The method described above secures access to pages at the Web server. The same access control is also available at the browser when the browser machine is configured as a DFS client. Fundamentally, a browser is a program that accepts a specially formatted file (HTML) and displays it on the screen with fonts, pictures, sound and so on. Browsers contain a variety of methods by which they can retrieve HTML pages, such as HTTP and FTP. Browsers also contain the ability to view an HTML files and other Web objects stored on the local machine using 'file-style' URLs instead of the more common 'HTTP' style. Many browsers also assume that URLs that specify no type also refer to files local to the browser machine.

DFS clients on the browser machine make information located on DFS file servers appear to be local. DFS servers can be located anywhere in intranets or the Internet itself. Because the DFS users must log in with user IDs and passwords, browser users will already be authenticated with DFS. DFS then controls all request for Web-based content using the standard DFS ACL mechanism. No changes are needed in the browsers to gain this security.

Guaranteeing the
integrity of Web pages

Another security concern for intranet applications is that information not be changed from when it leaves the Web server until delivery to the browser. It has been proven that powerful PCs acting as gateways and routers can intercept network traffic and change packets as they pass by. The integrity of Web pages is constrained to the underlying network protocols.


DFS, by leveraging the DCE infrastructure, ensures that packets are unaltered from when they leave the DFS server to when they reach the DFS client. When DFS is acting as a Web server, this capability ensures that no alteration of pages takes place as the information travels through the network to the browser.

DFS can go even further: it can prevent unauthorized viewing of the Web pages as they travel across the network. Using a feature called "packet privacy," DFS encrypts page data between the DFS server and the DFS client. This capability ensures that no intermediate carrier or broadcast sniffer can inspect the data as it travels across the network. Hence, DFS offers the ability to deliver sensitive pages across public networks.

The lightweight DFS desktop

Some security benefits, such as page integrity, require a DFS client to be running along with the browser. However, a DFS client may not be available for your desktop machine. In these cases, a DFS component called DFS-Light can be used to enable desktop machines to directly access DFS servers. DFS-Light augments the DFS DCE-oriented architecture by providing secure, remote access to DFS servers from a desktop, LAN-oriented environment.
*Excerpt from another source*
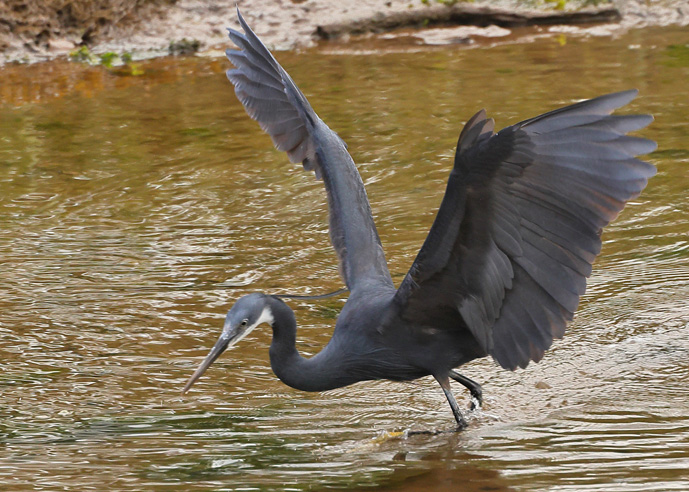 Western Reef Heron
DFS and large-scale Web sites

DFS meets the security requirements of those organizations implementing Internet and intranet applications. In addition to security, DFS offers other important benefits to organizations building global, large-scale World Wide Web sites.
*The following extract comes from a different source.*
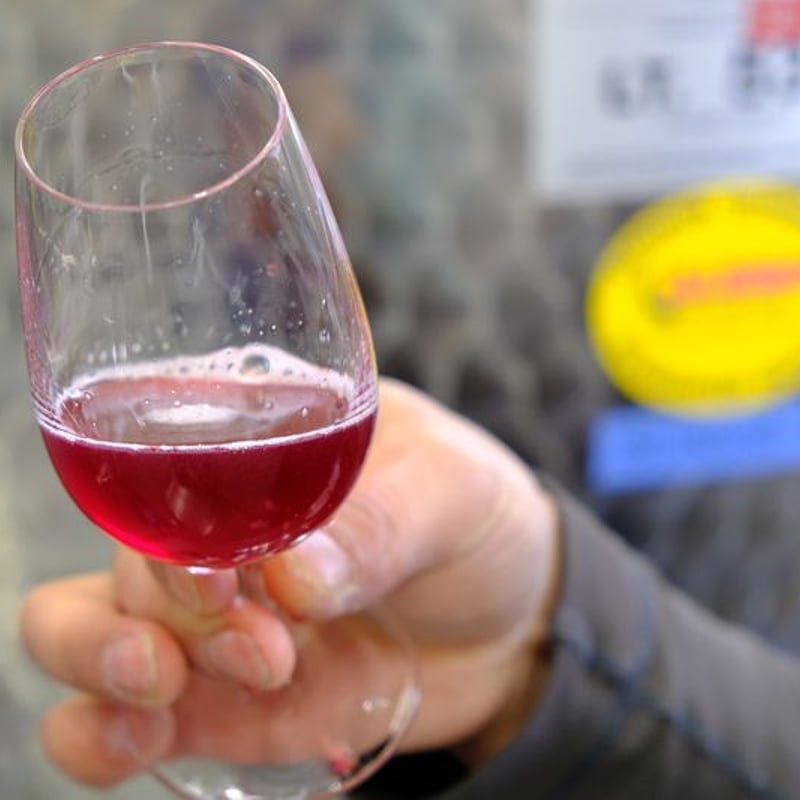 カベルネ・フラン 樽熟成 2024 | VinVie Online Shop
High-volume Web sites must be able to deliver enormous amounts of information to hundreds of thousand of users. DFS performance techniques, including client caching and replication, reduce the load on both server machines and the network. The result is faster and more reliable delivery of information, with less resources.
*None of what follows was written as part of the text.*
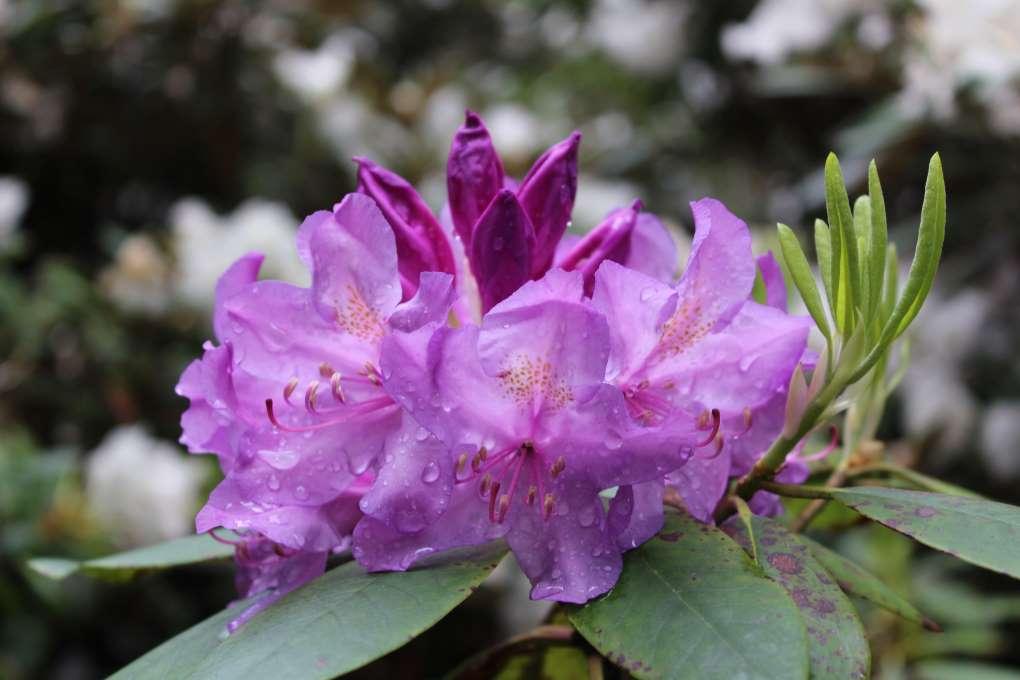 Rhododendron Teddy Bear - View 4 from www redcrocus com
The need for Web-wide authentication, authorization control, and data integrity is growing faster than the Web itself. DFS, which is based on DCE, was designed from the ground up to delivery security to the World Wide Web. At the same time, DFS delivers other important features required by high-performance Web sites. As a proven technology, DFS can be combined immediately with the World Wide Web to deliver important business benefits to those companies gaining a competitive advantage through technology.